The Three Golden Exam Rules
Exams are almost upon us. A few weeks ago, fresh faced and with new stationery, we marched to our respective law libraries to begin another round of coffee, reading and sleeplessness. In my four years as a law-sufferer, I have discovered the three golden rules of exam time…
1. The Past Exam Rule
The humble law student shall not discuss past exams. The moment your pen is down there is nothing else you can do to pass the subject; it is in the hands of the law gods now. It doesn’t help to talk about the legal issues once you’ve left the exam hall, nor is your post-exam analysis any indication that you are correct. You’re just going to stress yourself out.
2. The Future Exam Rule
Law students shall not freak fellow law nerds out by discussing future exams on the morning of another exam. This is an important one. Take it one step at a time. You are stressing everyone out by talking about next Monday’s property exam on the morning of equity. If you have done your work for the semester and planned your time wisely you can take a breath, clear your head and focus on the task ahead.
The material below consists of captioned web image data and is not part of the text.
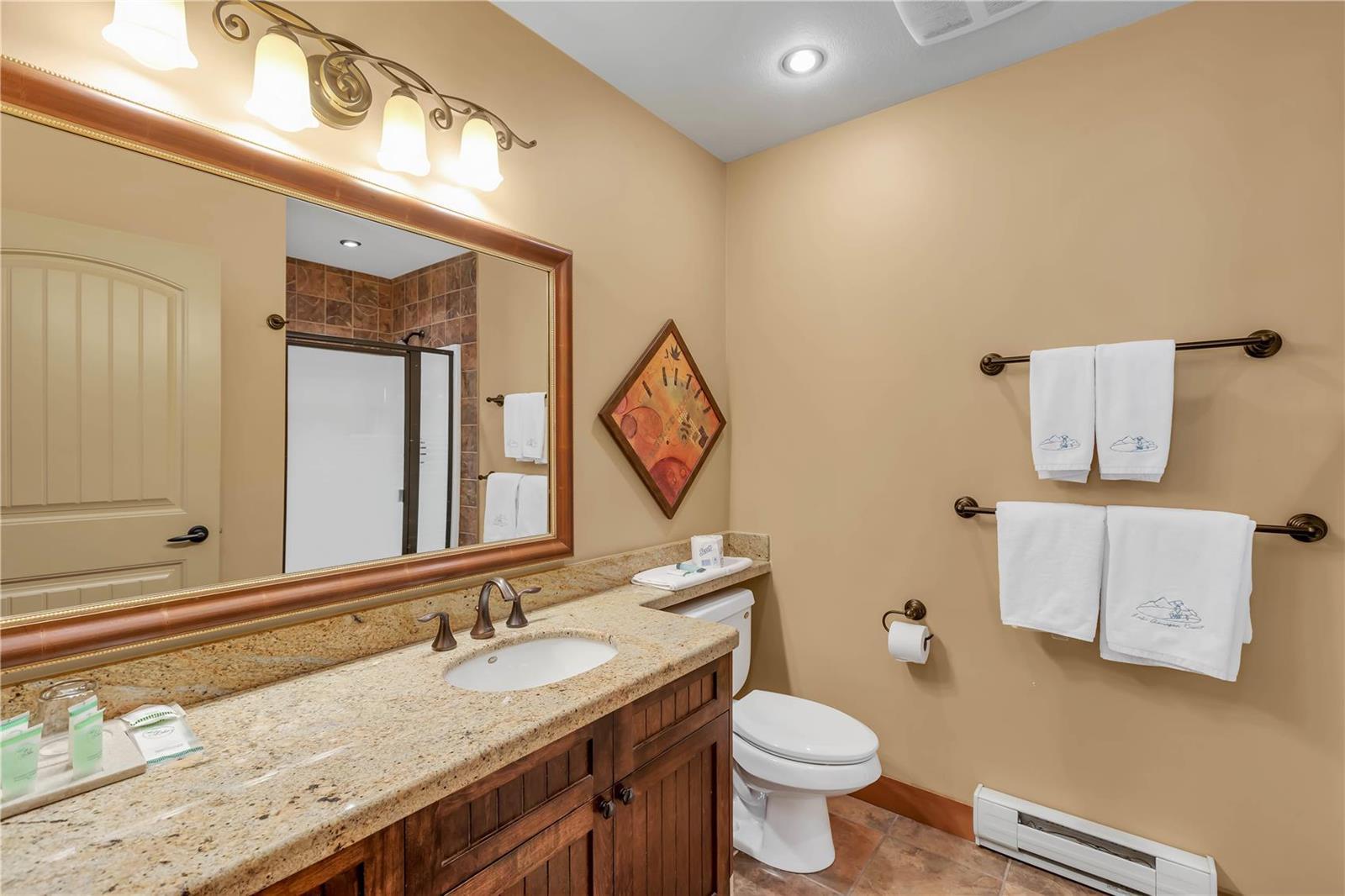 Listing 10266096 - Large Photo # 34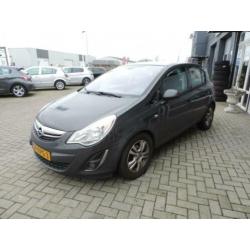 Opel Corsa 1.3 CDTi EcoFlex S/S Cosmo 50 procent deal 1.975,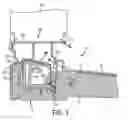 Fig. 04 - Door entryway system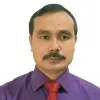 DHARMENDRA DAS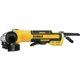 thumbnail image 2 of Esmeriladora angular DEWALT DWE43214N de 5 pulgadas y 13 A, 2 of 5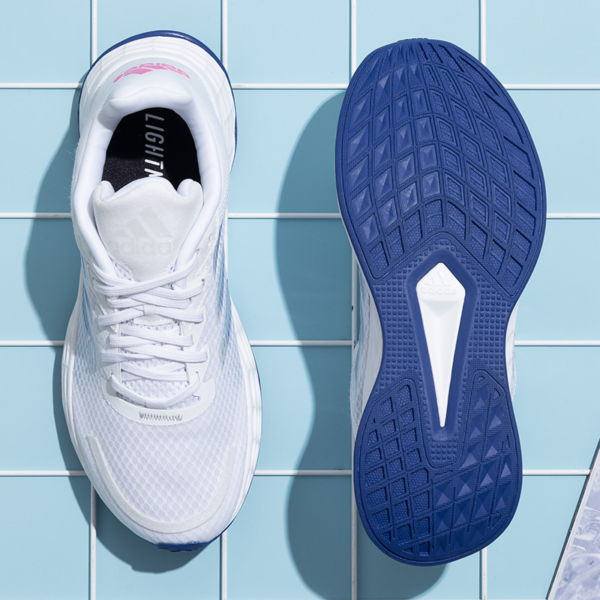 Giày Adidas Buty Damskie Duramo FY6710 - Ảnh 5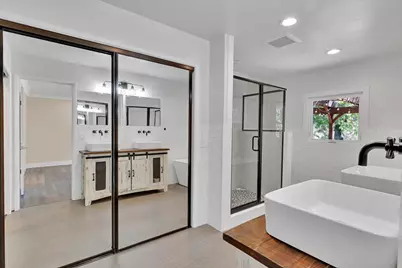 13641 Brass Circle, Grass Valley, CA 95949 - Photo 24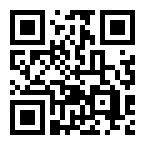 https://jspwzg.cn/gp/1523.html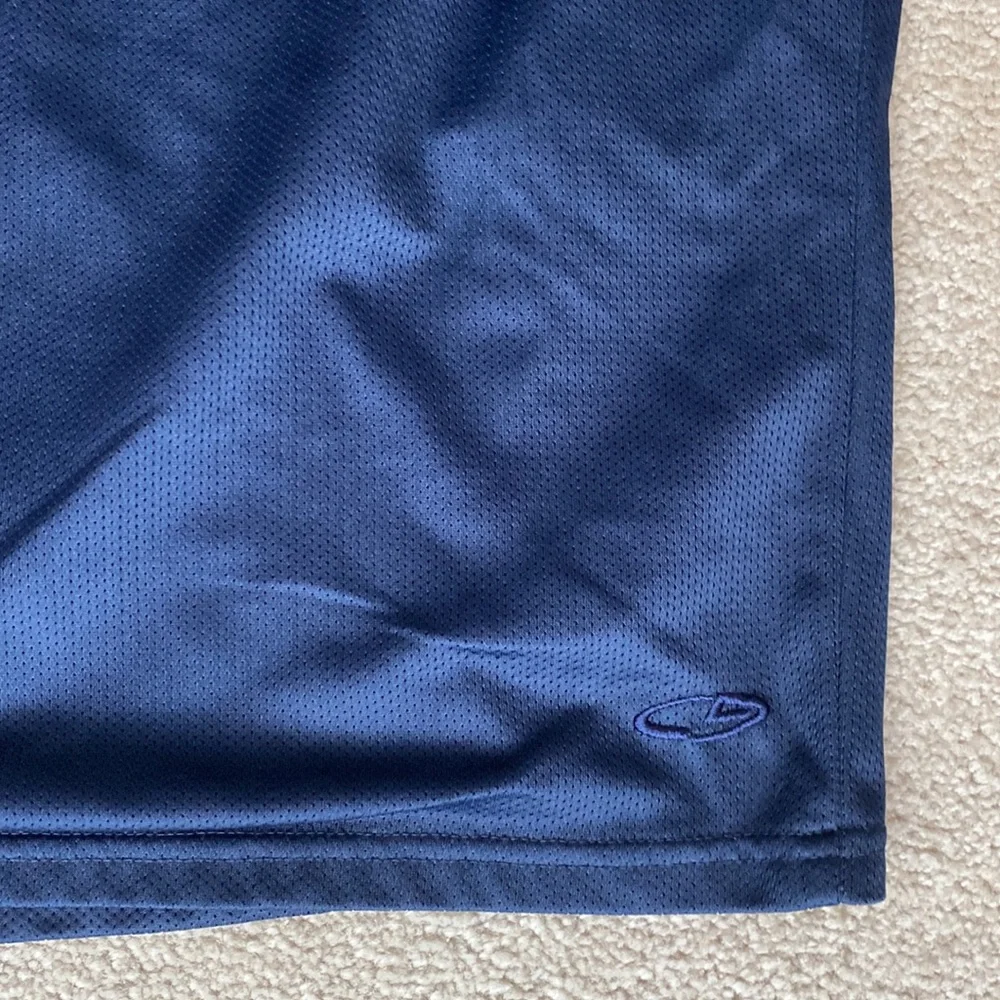 Men’s Champion Mesh Athletic Shorts - Picture 3 of 5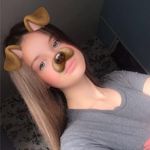 Jenny Booth - @jenny.booth.37819959 - Instagram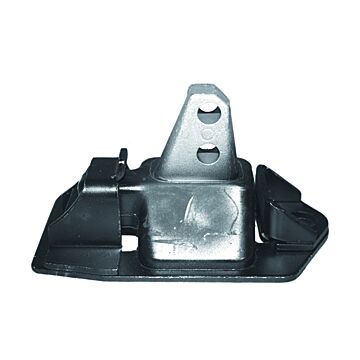 Motorsteun rechts OEM ref 9161146 S80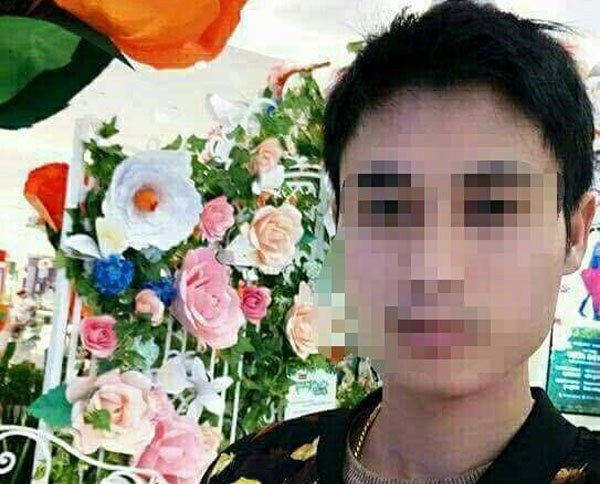 nghi-an-1512450537825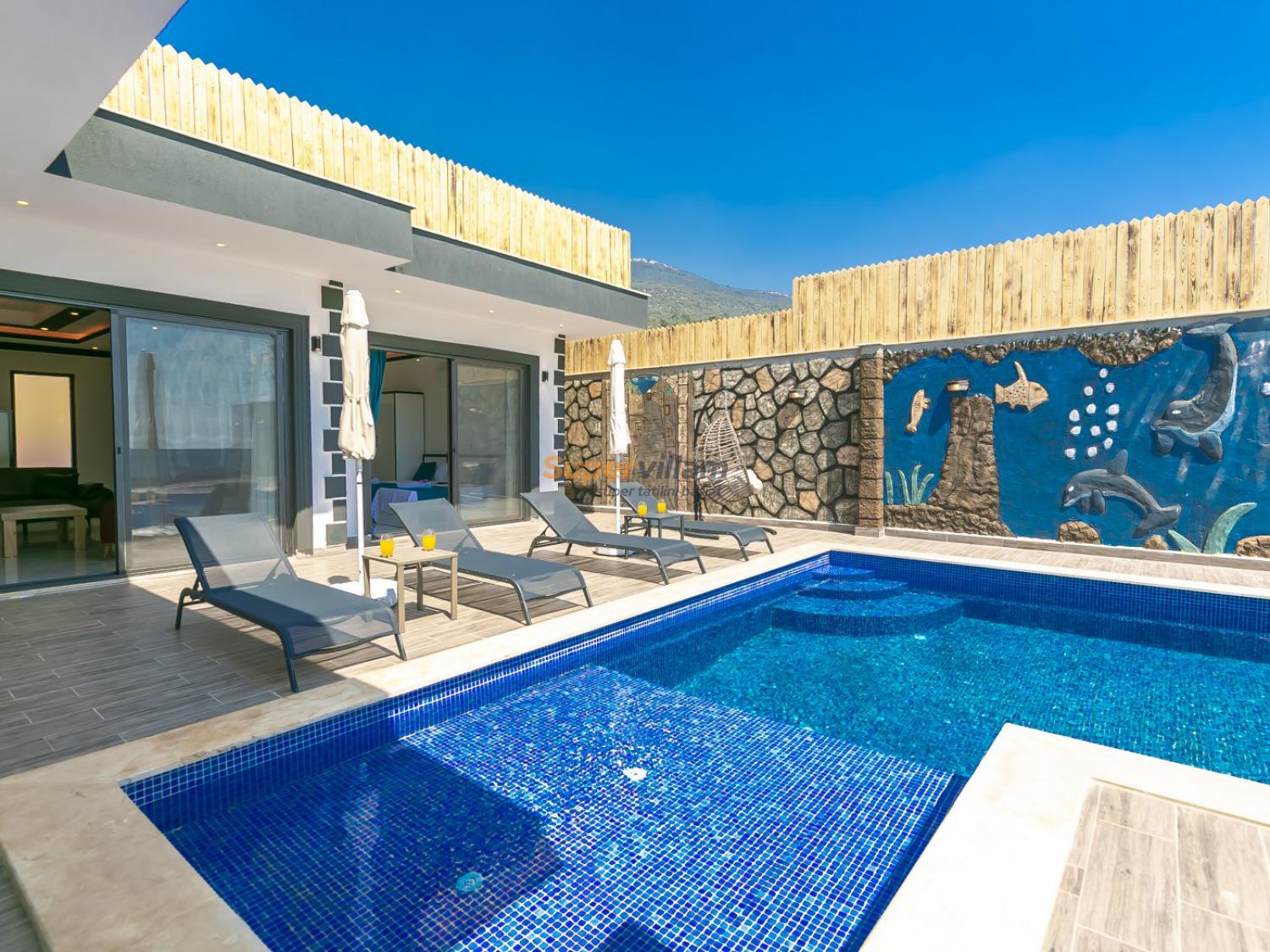 super-villam-villa-seftali-48_731.jpg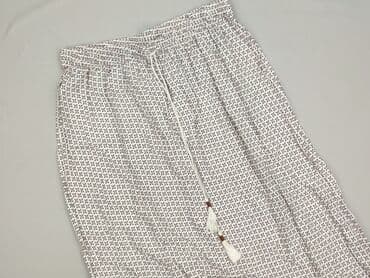 Inextenso, Spódnica damska, rozmiar L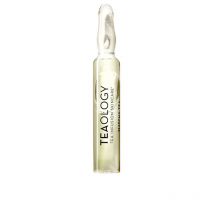 MATCHA TEA ultra firming ampoules 2 5 x 7 ml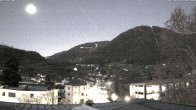 Archiv Foto Webcam Lana in Südtirol 06:00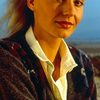Savina Gersak as Lara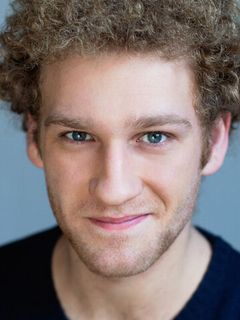 Йоханнес Халлерворден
There is no point in getting ahead of yourself and freaking yourself out.
3. The Exam Marks Rule
A law student mustn’t brag, make excuses or publically boast about exact percentages or grades. It’s great to be proud, but don’t be a bragger. Chances are, someone is mourning a pass mark while you celebrate your high distinction. Put the ego away, Tiger. A simple ‘I did well’ will suffice.
There you have it, my three golden rules for exams, perfected over four years of torture and watching law students terrify each other. Try this method: leave an exam, go to the uni bar or other social activity and laugh your stress away. You, and everyone around you, will be glad you did.